“Suck it up, go with your gut.” That’s the advice Seattle late twentysomething Megan (Keira Knightley) gives to adolescent Annika (Chloe Grace Moretz) at the end of Lynn Shelton’s most commercial movie yet, Laggies. Shelton herself has followed that mantra, pioneering a successful indie career by going with her gut. She’s a generous filmmaker, giving female characters dimension and detail without sacrificing the crispness of her men.
Shelton has created a cottage industry in Seattle making films that are cool, contemporary, and just a little bit angsty without being all tattooed-edgy. I loved the sibling issues raised, and the actresses engaged — Rosemarie DeWitt and Emily Blunt — in the prickly yet tender comedy Your Sister’s Sister. I sighed during the uneven masseuse dramedy Touchy Feely, also starring DeWitt, a yeasty bread that refused to rise. Everyone makes mistakes, though women directors often don’t get a second chance.

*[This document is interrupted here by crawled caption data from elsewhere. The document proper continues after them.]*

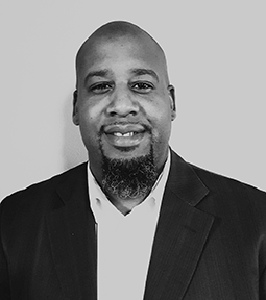 BRIAN HOLLEY PASTORAL ADVISOR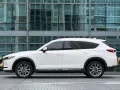 2021 Mazda CX8 2.5 AWD 🙋🏻‍♂️ 𝐂𝐀𝐑𝐋 𝐁. 📲 𝟎𝟗𝟑𝟖 𝟒𝟓𝟖 𝟖𝟕𝟕𝟗✅296K ALL IN DP‼️-3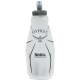 Бутылка Osprey Hydraulics SoftFlask 500ml - O/S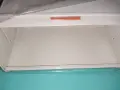 Кутия за хляб brabantia, снимка 3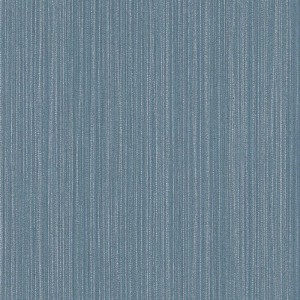 As Creation|Wallpaper smooth striped in light tones|Wallpaper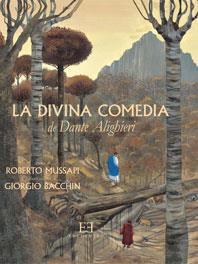 LA DIVINA COMEDIA | 9788474909296 | ALIGHIERI,DANTE | Llibreria Geli - Llibreria Online de Girona - Comprar llibres en català i castellà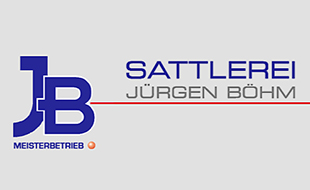 Logo von Pohl Vorzelte, Jürgen Böhm · Sattlermeister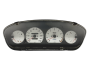 Tachometr Fiat Bravo 7782161 FI0005002K0C0 40252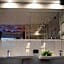 Hotel D120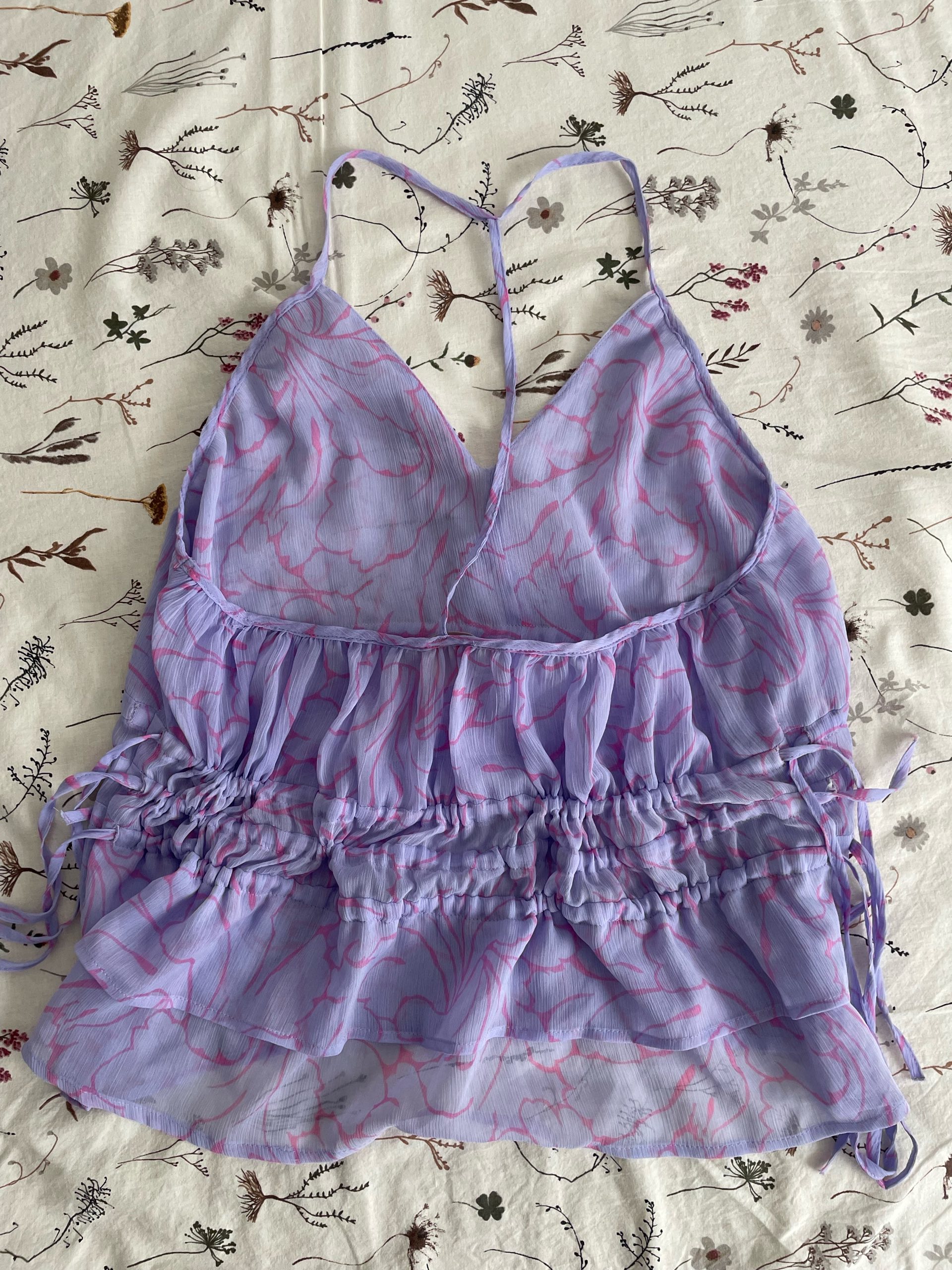 Top H&M 1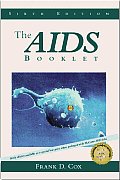 The AIDS Booklet
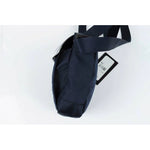Converse 55UCB-ONOW handbag Kiegészítők - Sportmania.hu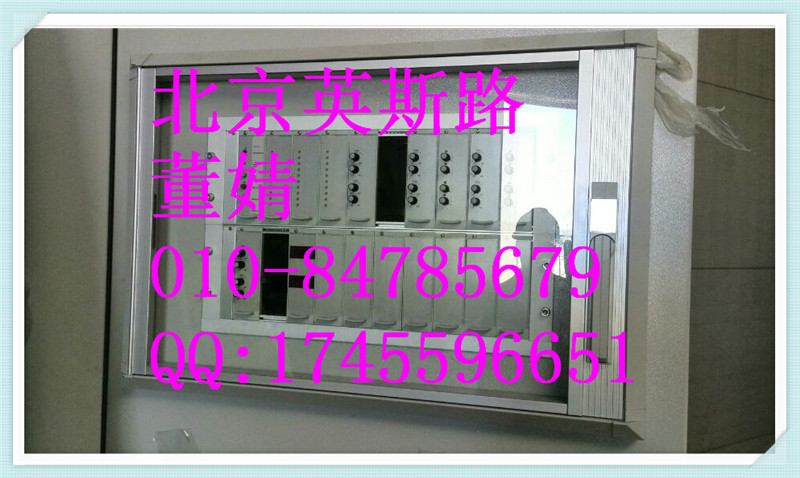 紐伯格 控制開(kāi)關(guān) ZL92.04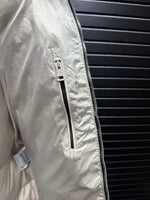 Classic down jacket-59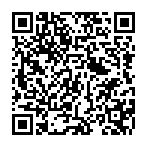 C&oacute;digo QR con el enlace al titular El Instituto de la Juventud cede 10 plazas de la residencia DoÃ±a Sancha a deportistas de LeÃ³n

But Shelton, who directs both TV (the upcoming Fresh Off the Boat) and has three film scripts in development, sucked it up, undeterred. And along came the Sundance hit Laggies, slang for folks that are lagging behind but don’t have the true philosophical entropy of slackers. It’s a more temporary condition.
The comedy, which Shelton directed from Andrea Seigel’s sexy, sweet-natured screenplay, opens briskly. Megan escapes a claustrophobic wedding reception in which her sympathetic beau (Mark Webber) has just tried to kneel down and propose. He’s doing the right thing, but Megan instinctually recoils: How can it feel so wrong? Is that all there is, my friend? What happened to flat-out fun on the modern woman’s rush to career, love, marriage, and a baby carriage?